Digital Government: Overcoming the Systemic Failure of Transformation: Digital Transformation through Policy Design with ICT-Enhanced Instruments

Paul Waller Vishanth Weerakkody

6/2016

Type
working-paper
Region
Sector
Category
Data Analysis, Institutional Innovation
Methodology
Conceptual Framework
Objective
Effectiveness

Abstract

Digital technology undoubtedly has huge potential to contribute to the functions of government and public administration, but so far the building of information portals and putting transactions on government web sites have not realised the great expectations for it in terms of “transforming government”. This Working Paper explores why the ambitions for transformational e-government (however it has been labelled) over the last 20 years have not been realised. It provides a critical analysis to offer a diagnosis of the problem and its causes.
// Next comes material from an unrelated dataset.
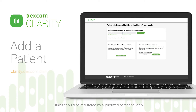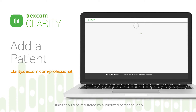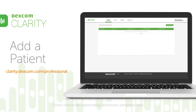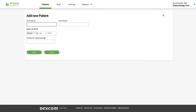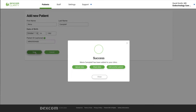Log into your account at clarity.dexcom.com/professional. Click Add New Patient. Enter the patient's name, date of birth, and optional patient ID, then click Save.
In the hope of a better future, it develops a structured frame of reference for making sense of how information and communications technologies (ICT), in all their forms, really fit within the world of government and public administration. To actually achieve a transformation of government through the use of digital technologies, governments will require a complete reversal of the current way of looking at the challenge. Instead of viewing the problem from the point of view of the internet, they must start with the political process of policy design. In particular, they must look at how technology can change the range and characteristics of policy instruments — the tools that governments choose from to intervene in the economy, society and environment to make change, such as taxes, benefits, licences, information campaigns and more tangible things like public services and infrastructure. These are the practical results of government, and only when technology changes those can we say it has transformed government.